Task to carry out: Although the listing below holds pictures, reproduce only its lines from the one containing "Gato raça SRD idade 1 ano nome Emma" through the last, exactly and without them.

The input:
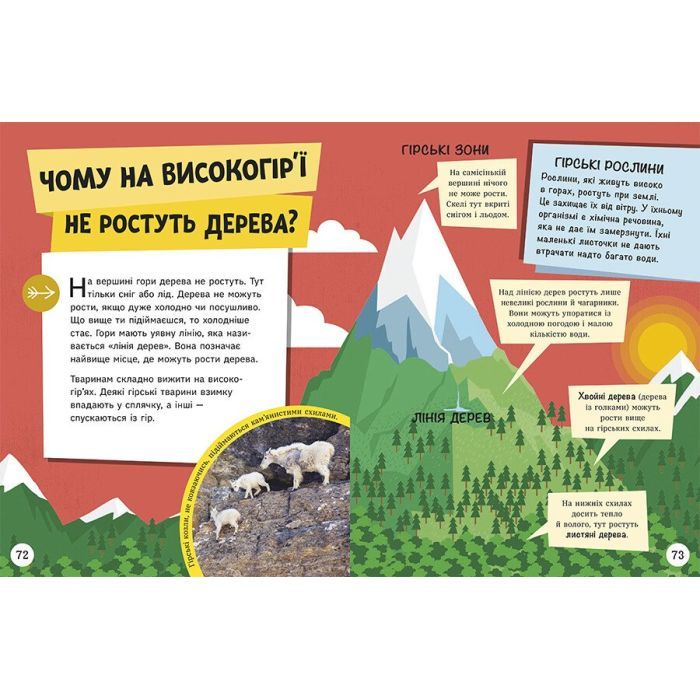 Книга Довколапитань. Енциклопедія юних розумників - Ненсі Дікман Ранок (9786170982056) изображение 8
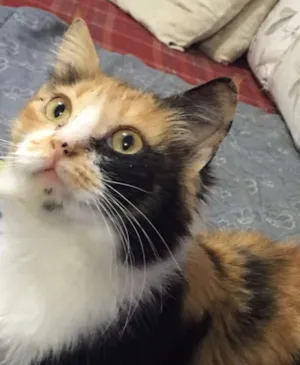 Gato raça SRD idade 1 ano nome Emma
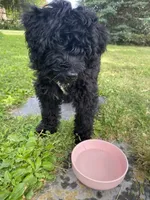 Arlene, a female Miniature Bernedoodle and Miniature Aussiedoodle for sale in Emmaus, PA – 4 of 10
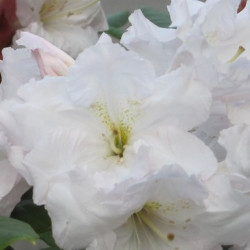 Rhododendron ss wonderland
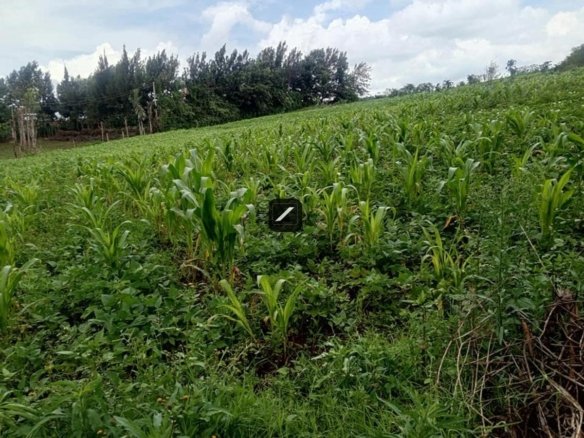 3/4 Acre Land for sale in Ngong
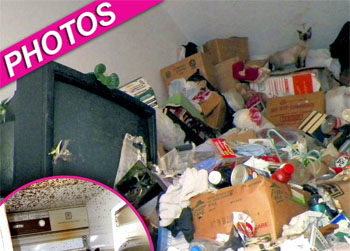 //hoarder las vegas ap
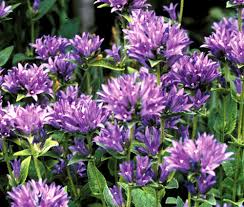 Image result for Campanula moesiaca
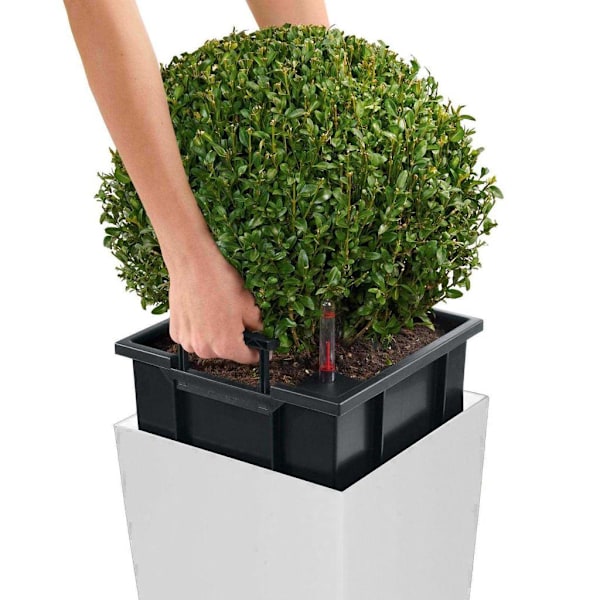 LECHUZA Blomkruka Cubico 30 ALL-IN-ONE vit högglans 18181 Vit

Exercise solution:
 Gato raça SRD idade 1 ano nome Emma
 Arlene, a female Miniature Bernedoodle and Miniature Aussiedoodle for sale in Emmaus, PA – 4 of 10
 Rhododendron ss wonderland
 3/4 Acre Land for sale in Ngong
 //hoarder las vegas ap
 Image result for Campanula moesiaca
 LECHUZA Blomkruka Cubico 30 ALL-IN-ONE vit högglans 18181 Vit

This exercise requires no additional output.